Não é preciso ter estado de acordo com tudo o que fez na vida pública para lhe reconhecer coragem e visão. No Estado Novo deu a cara na crise académica de 1962. E depois do 25 de Abril procurou o seu espaço, até chegar ao PS.
Politicamente, surpreendeu em vários momentos. Desde logo, em 1989, quando descobriu em si próprio o candidato à câmara de Lisboa que no PS ninguém queria ser. E fê-lo em coligação com o PCP, por ironia no ano em que viria a cair o muro de Berlim. Havia, nessa altura, quem lhe adivinhasse o fim da carreira política: perderia Lisboa para Marcelo e teria que abandonar a liderança do PS. Mas o que parecia o epílogo foi afinal um recomeço.

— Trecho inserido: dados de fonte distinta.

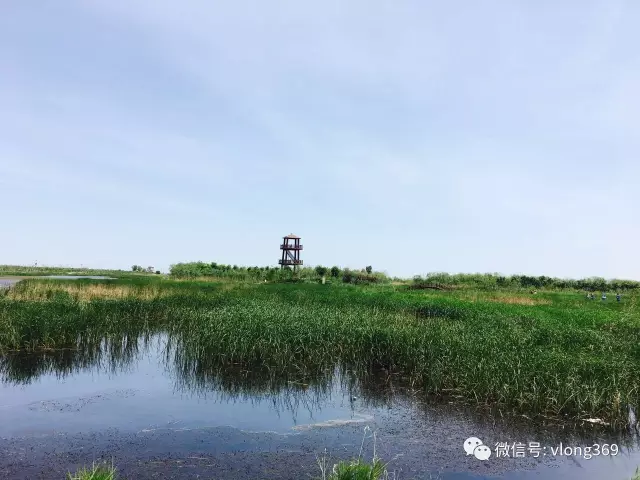 “威龍夏日行”之---禹王濕地燒烤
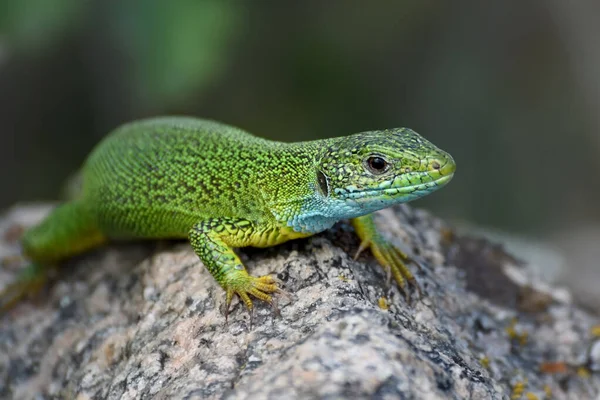 Lagarto Verde Rasteja Sobre Uma Pedra Foto Lacerta Viridis Perto — Fotografia de Stock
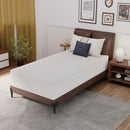 Forsythia 12" Twin Green Tea Gel Memory Foam image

A partir da conquista de Lisboa, Jorge Sampaio chegaria a Belém, derrotando Cavaco Silva que tinha acabado de entregar a António Guterres, a cadeira de primeiro-ministro.
Já em Belém, surpreendeu ao dar posse ao governo Santana Lopes, debaixo do fogo intenso de altas figuras do PS. Em protesto, Ferro Rodrigues, amigo insuspeito de Sampaio, acabaria mesmo por se demitir da liderança do Partido Socialista.
Teve decisões discutíveis, como todos. Uma das mais discutidas, enquanto Presidente da República, foi a dissolução parlamentar, em pleno governo Santana Lopes. Sem discutir agora a decisão, estou seguro de que a tomou, convencido que era desse modo que melhor servia o país.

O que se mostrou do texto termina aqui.